# Seismic 110 paradigm



## The Mutant (Jun 29, 2013)

Anyone know abt this sub, i hav a small room , i need 2 subs my choices are paradigm ,sw112 klipsch, EQ max velodyne. Plz i dnt want advise abt svs


----------



## Peter Loeser (Aug 11, 2012)

There is quite a price difference between the Paradigm and Klipsch/Velodyne subs you have listed. Even more so if you're considering a pair. Paradigm makes some excellent subs, but as much as I hate to say it, for the price of a pair of the Seismic 110, you could probably get better performance. If I were going to drop over $3k on Paradigm subs, I'd personally go for a single SUB 15, especially if you say you have a small room.

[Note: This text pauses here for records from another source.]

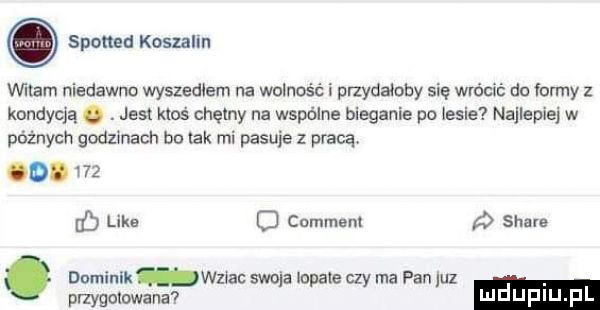 spomd koszalin mtam niedawno wyszedłem na wolność i pnydaioby się wrócić do farmy z kondycją. abakankami jest ktos chętny na wspólne bieganie po lesie najlepiej w późnych godzinach im tak mi pasuje z pracą. like o comment ó soave. dominik wziac snuja lop-ie czy ma pan luz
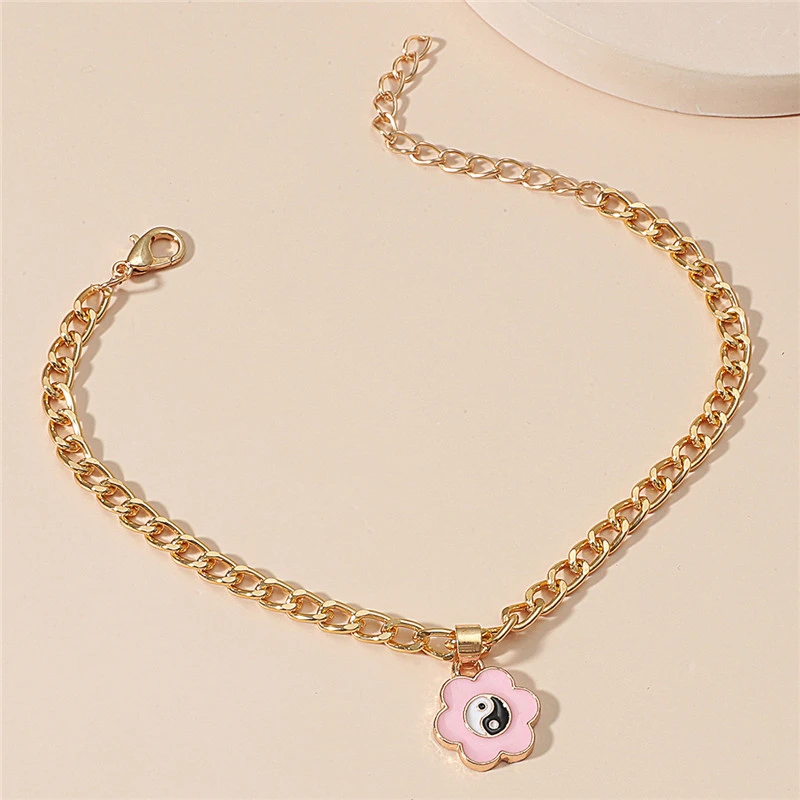 Lovely Yin Yang Gossip Flower Anklet European And American Fashion Pendant Bracelet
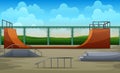 Skatepark concept of nature background Royalty Free Stock Photo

Why are you not interested in SVS? Have you considered Rythmik, HSU, BIC, Power Sound Audio, Axiom, Kreisel, Atlantic Technology? What is your budget?


----------



## ewardjr69 (Feb 25, 2013)

I would also consider the Seaton Submersive. I own one at it is phenomenal. Just putting options out there


----------



## The Mutant (Jun 29, 2013)

To be honest in my country its hard to get Svs, HSU the only thing thats available is klipsch, velodyne, paradigm and other brands. Im in South Africa by the way


----------



## Peter Loeser (Aug 11, 2012)

The Mutant said:


> To be honest in my country its hard to get Svs, HSU the only thing thats available is klipsch, velodyne, paradigm and other brands. Im in South Africa by the way


I see, that makes sense. Of the brands you have mentioned I think you would be very pleased with pretty much anything from Paradigm.


----------